Los límites de la obra permanecen ligados a la amplitud de su propia ambición, dado que la ausencia de trabajo de campo directo en África occidental crea una asimetría entre el conocimiento íntimo de Cuba y Miami y el conocimiento bibliográfico de Nigeria, la aplicación retrospectiva de perfiles de valor depende de inferencias difíciles de verificar y puede homogeneizar poblaciones históricas diversas; y la cercanía afectiva con informantes y con una imagen de la Cuba anterior a 1959, aunque aporta profundidad, puede inclinar ciertos pasajes hacia una memoria idealizada. Además, cuestiones relativas al género, la sexualidad, la economía ritual y el conflicto de clase quedan subordinadas al marco general de cosmovisión.
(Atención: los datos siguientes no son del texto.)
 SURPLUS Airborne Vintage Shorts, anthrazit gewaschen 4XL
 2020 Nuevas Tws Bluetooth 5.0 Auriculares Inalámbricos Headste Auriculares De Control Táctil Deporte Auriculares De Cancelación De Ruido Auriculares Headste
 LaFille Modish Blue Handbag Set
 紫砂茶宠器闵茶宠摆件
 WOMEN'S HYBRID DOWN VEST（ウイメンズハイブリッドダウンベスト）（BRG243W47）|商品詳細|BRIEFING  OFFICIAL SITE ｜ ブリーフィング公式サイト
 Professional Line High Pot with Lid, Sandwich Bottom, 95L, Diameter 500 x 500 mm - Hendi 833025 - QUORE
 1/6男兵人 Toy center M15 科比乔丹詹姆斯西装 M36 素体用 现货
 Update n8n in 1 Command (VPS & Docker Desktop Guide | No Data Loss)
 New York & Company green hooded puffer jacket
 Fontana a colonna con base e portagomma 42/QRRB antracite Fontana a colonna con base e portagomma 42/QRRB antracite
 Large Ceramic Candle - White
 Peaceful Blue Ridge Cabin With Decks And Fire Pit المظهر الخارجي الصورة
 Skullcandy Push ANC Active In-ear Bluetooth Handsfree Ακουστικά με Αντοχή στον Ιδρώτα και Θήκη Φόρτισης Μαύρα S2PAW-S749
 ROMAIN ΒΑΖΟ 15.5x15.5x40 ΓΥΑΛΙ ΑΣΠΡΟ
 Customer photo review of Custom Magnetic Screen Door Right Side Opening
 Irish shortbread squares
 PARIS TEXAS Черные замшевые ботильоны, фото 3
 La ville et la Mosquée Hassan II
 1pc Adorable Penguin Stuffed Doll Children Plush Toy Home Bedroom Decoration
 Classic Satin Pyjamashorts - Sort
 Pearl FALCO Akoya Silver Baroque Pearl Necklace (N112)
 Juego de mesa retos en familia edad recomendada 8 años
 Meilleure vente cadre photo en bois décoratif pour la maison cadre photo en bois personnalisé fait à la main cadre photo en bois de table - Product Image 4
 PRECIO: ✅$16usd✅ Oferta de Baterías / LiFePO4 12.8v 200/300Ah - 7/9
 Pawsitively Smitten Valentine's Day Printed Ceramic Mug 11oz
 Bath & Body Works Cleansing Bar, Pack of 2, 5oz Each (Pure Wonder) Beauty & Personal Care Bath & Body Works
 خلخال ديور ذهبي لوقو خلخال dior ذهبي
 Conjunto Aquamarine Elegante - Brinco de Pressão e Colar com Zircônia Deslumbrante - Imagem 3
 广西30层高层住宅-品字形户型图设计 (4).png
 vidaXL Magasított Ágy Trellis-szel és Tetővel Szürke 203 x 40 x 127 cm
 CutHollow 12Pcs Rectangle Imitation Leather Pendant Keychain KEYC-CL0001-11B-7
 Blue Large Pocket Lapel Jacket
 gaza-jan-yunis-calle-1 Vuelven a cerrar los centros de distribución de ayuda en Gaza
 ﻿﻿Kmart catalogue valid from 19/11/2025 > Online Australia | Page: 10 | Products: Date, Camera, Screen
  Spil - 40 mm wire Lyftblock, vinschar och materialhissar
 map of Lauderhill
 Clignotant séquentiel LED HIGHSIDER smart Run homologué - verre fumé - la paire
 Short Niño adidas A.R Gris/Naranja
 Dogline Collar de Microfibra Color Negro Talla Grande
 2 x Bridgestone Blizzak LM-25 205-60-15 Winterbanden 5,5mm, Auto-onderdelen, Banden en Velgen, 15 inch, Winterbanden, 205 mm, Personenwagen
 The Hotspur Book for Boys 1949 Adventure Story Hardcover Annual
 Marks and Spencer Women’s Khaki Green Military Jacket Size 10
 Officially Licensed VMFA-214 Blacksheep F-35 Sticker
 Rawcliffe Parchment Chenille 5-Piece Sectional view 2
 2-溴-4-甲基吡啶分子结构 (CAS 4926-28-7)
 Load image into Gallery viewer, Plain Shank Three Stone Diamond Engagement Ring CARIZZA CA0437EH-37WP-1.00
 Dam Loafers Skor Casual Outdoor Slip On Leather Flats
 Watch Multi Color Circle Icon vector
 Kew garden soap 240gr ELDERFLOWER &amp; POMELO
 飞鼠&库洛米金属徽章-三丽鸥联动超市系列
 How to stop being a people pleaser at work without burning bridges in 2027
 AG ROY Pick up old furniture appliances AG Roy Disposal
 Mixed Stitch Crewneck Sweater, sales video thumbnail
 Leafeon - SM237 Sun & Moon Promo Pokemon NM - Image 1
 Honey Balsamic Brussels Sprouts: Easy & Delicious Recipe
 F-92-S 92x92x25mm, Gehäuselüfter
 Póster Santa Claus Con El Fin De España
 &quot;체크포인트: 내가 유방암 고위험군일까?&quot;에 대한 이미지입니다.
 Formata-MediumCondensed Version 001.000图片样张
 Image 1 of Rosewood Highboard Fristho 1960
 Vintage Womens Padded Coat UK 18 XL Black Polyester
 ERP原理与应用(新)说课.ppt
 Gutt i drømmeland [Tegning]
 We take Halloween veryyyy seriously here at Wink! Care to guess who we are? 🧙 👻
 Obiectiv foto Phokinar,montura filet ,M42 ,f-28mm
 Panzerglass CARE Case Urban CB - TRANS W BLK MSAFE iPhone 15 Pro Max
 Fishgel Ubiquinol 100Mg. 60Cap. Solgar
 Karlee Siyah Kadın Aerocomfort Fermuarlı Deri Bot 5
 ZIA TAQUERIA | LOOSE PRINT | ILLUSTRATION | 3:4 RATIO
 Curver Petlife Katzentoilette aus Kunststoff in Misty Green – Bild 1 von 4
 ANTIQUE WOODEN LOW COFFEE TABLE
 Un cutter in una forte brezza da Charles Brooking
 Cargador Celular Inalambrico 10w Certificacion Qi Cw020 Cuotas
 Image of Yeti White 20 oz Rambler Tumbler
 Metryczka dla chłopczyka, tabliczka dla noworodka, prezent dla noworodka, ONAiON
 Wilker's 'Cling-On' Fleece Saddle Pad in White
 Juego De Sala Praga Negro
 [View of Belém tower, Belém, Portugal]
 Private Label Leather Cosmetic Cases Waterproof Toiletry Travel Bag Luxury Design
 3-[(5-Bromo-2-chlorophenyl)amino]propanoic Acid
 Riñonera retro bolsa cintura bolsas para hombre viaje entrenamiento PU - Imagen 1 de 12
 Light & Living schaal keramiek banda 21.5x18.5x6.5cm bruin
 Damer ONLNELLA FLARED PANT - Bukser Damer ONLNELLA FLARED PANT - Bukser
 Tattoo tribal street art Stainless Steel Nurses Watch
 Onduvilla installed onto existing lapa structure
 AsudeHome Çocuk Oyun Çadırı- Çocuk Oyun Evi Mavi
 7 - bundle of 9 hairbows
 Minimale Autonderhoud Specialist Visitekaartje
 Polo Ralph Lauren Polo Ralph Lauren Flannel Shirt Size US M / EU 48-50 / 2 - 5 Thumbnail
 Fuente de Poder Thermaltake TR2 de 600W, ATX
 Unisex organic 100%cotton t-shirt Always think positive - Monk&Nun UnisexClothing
A ello se suma que la traducción utilizada para este ensayo presenta ausencias y errores terminológicos que exigen cotejo con el original antes de citarla de forma literal o emplearla en una edición definitiva.

Conclusión

Worldview, the Orichas, and Santería constituye una obra de síntesis cuya ambición excede el resumen de conocimientos existentes, pues la autora intenta explicar por qué una tradición religiosa sometida a la trata esclavista, la pérdida de instituciones, la colonización católica, la modernización, la Revolución y el exilio no desapareció. Su respuesta se encuentra en la relación entre cosmovisión y adaptación. Los sistemas culturales sobreviven cuando pueden reorganizar sus supuestos y funciones, crear equivalencias, incorporar elementos nuevos y ofrecer soluciones a problemas reales sin perder todo vínculo con su memoria.

La argumentación avanza en espiral, ya que establece los mundos yoruba y cubano, describe la estructura resultante, prueba la metamorfosis mediante el examen de las deidades, formula sus supuestos, evalúa la moral y proyecta el análisis sobre el presente. El panteón no es un catálogo interpuesto entre teoría e historia. Es el lugar donde la historia se hace visible cuando una deidad cambia de género, otra pierde territorio, una tercera absorbe funciones y otra gana fuerza gracias a una asociación católica o a una necesidad terapéutica. La cura no se limita al remedio, puesto que también organiza la experiencia del miedo, restituye capacidad de acción y reintegra al individuo en una comunidad de sentido.

La mayor fuerza de la obra se manifiesta cuando entiende la santería desde Cuba y no como versión imperfecta de África. Esa decisión permite reconocer que la cultura cubana fue generada por procesos de mezcla, conflicto, apropiación y creatividad, y que la religión constituye uno de sus archivos más densos. También explica la expansión más allá de Cuba, en la medida en que quien ingresa en la santería no necesita reproducir una identidad étnica cerrada, sino participar en una red de poderes, rituales, obligaciones y relatos capaz de traducirse a nuevos ambientes.

El límite principal de la obra coincide con el desafío de demostrar empíricamente las cosmovisiones que reconstruye, puesto que el modelo de Kearney organiza la evidencia y produce hipótesis fértiles, pero no elimina la heterogeneidad ni convierte inferencias históricas en mediciones. Por eso el libro debe leerse como una gran propuesta comparativa, abierta a corrección mediante nuevas etnografías en África, Cuba, América Latina, Europa y Estados Unidos. En esa apertura reside su vigencia, puesto que no clausura el estudio de la santería, sino que ofrece un método para seguir sus metamorfosis. El valor de la síntesis reside también en las preguntas que deja abiertas para investigaciones posteriores.